George Zimmerman shot and killed Trayvon Martin. He claims that did it in self-defence because feared for his life after Trayvon Martin knocked him down and started slamming his head against a concrete curb. I don't know whether this is true or false.

But when I read the final arguments of the prosecution I initially agreed with them:

"He is dead through no fault of his own. He is dead because another man made assumptions. Because his assumptions were wrong, Trayvon Benjamin Martin will no longer walk on the Earth" [1].

The arguments resonated with me as they resembled the root cause analysis: A happened because of B, which happened because of C. But then I thought why stop at C and claim that A happened specifically because of it. C also has its cause D, etc. After all had George Zimmerman not been born the incident would have not happened. Why would not claim that Travyon Martin was killed because George Zimmerman was born ? Since this seems to be an exaggeration the question arises: where to stop in tracing causes and effects and what cause in such an infinite series should be considered the true cause ?
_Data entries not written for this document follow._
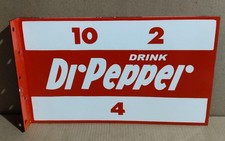 Drink Dr-Pepper Porcelain Enamel Sign  18 x 10 Inches 2 Sided picture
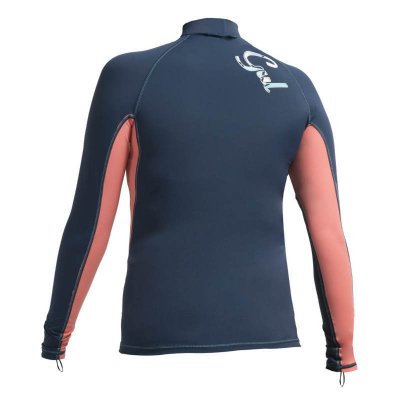 Uv tröja långärmad navy/koral rashguard dam - Gul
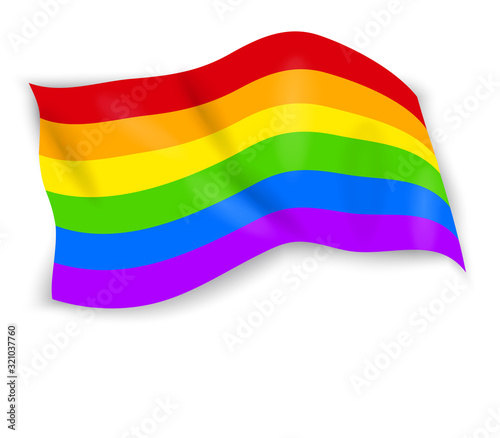 Waving LGBT rainbow flag isolated on white background. LGBT Pride Month. Symbol of lesbian  gay  bisexual and transgender. Place for text. Vector illustration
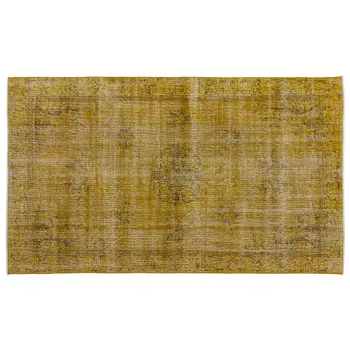 

Handmade Yellow Vintage Overdyed Turkish Area Rug 166x284 Cm-5'5''X9'4''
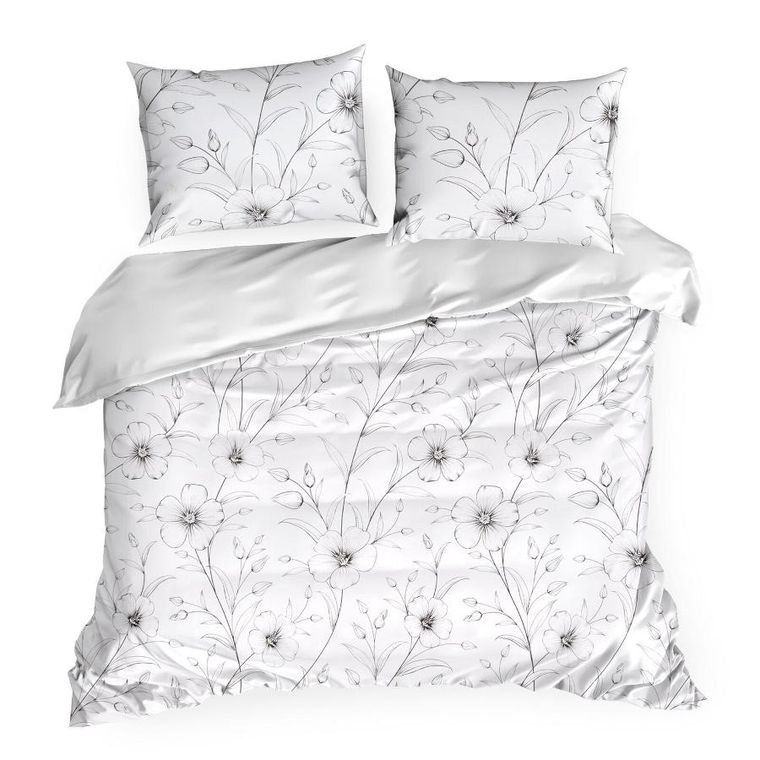 Eurofirany, komplet pościeli satynowej, Spring, 220-200 cm, biały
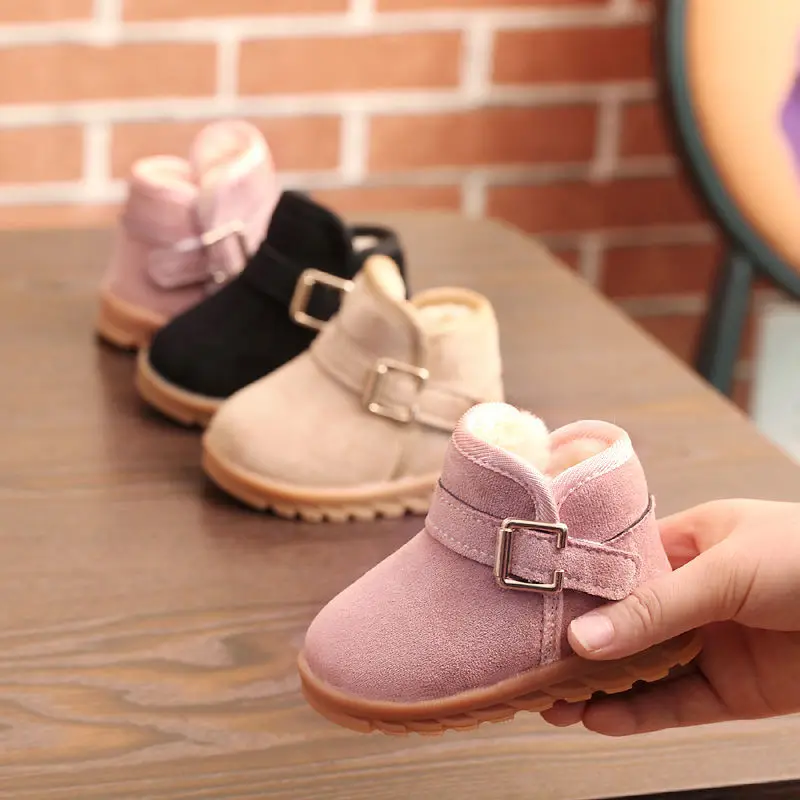 Winter Baby Cotton Shoes 1-2 Years Old Plus Velvet Thick Solid Color Toddler Shoes Boys And Girls Snow Boots Infant Shoes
At this point I realized that tracing causes and effects in judicial cases may run into a logical fallacy undocumented yet, and not entered into the database of the known fallacies. That is why I decided to explain and codify it.
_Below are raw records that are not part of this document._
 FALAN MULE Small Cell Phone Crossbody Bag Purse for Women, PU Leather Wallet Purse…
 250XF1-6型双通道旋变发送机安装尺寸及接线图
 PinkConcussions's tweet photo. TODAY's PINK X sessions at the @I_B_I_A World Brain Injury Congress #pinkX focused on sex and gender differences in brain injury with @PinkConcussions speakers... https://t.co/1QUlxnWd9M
The fallacious arguments are like this: who created the whole situation ? Zimmerman, as he mistook Martin for a burglar, started following him, which caused Martin's indignation and angry reaction, which resulted in a fight. Hence, Zimmerman is guilty.

The fallacy is in assuming that all causes are the subject of law. The fact that Zimmerman started following Martin is indeed a cause of the incident. But is this cause a subject of law ? In other words, does the law say anything about one person following the other ? If no then the fact that Zimmerman started following Martin is not a legitimate cause and, hence, irrelevant to the case. But if it says something, then we have to ask if this law is the same one which is applicable to murders ? And if the answer is no then again the fact of following is irrelevant to the case.

To make it clear consider the following hypothetical situation. Suppose you came up to a person on the street and asked him a question. In response he punched you. From the standpoint of the cause-and-effect analysis he punched you because you asked him a question. If you did not come up to him and did not ask he would not punched you. But there is no end to the cause-and-effect analysis. Why did you come up and asked that question ? Because something else happened. Who was responsible for that ? Etc., etc., etc.

Of all causes there is a limited amount of ones regulated by law. Law does not regulate such a cause as coming up and asking a question. (At least I never heard of such a law.) Hence there is nothing illegal in coming up and asking a question. But the law regulates such causes as punching. It makes them illegal (irrespective of causes that caused it).

When one mixes causes not regulated by law with causes that are regulated he resorts to a logical fallacy. When one mixes causes regulated by one type of law with causes regulated by another type of law he also resorts to a fallacy.

I don't know whether Zimmerman following Martin was legal or not. But even if it was illegal it had to be the matter of another case. The case at hand is whether Martin indeed started inflicting the life threatening injuries on Zimmerman and thereby caused him to fear for his life ? Such causes are regulated by another type of law than following somebody and cannot be mixed. Trying to mix them and thereby switch attention from one subject to another is a logical fallacy.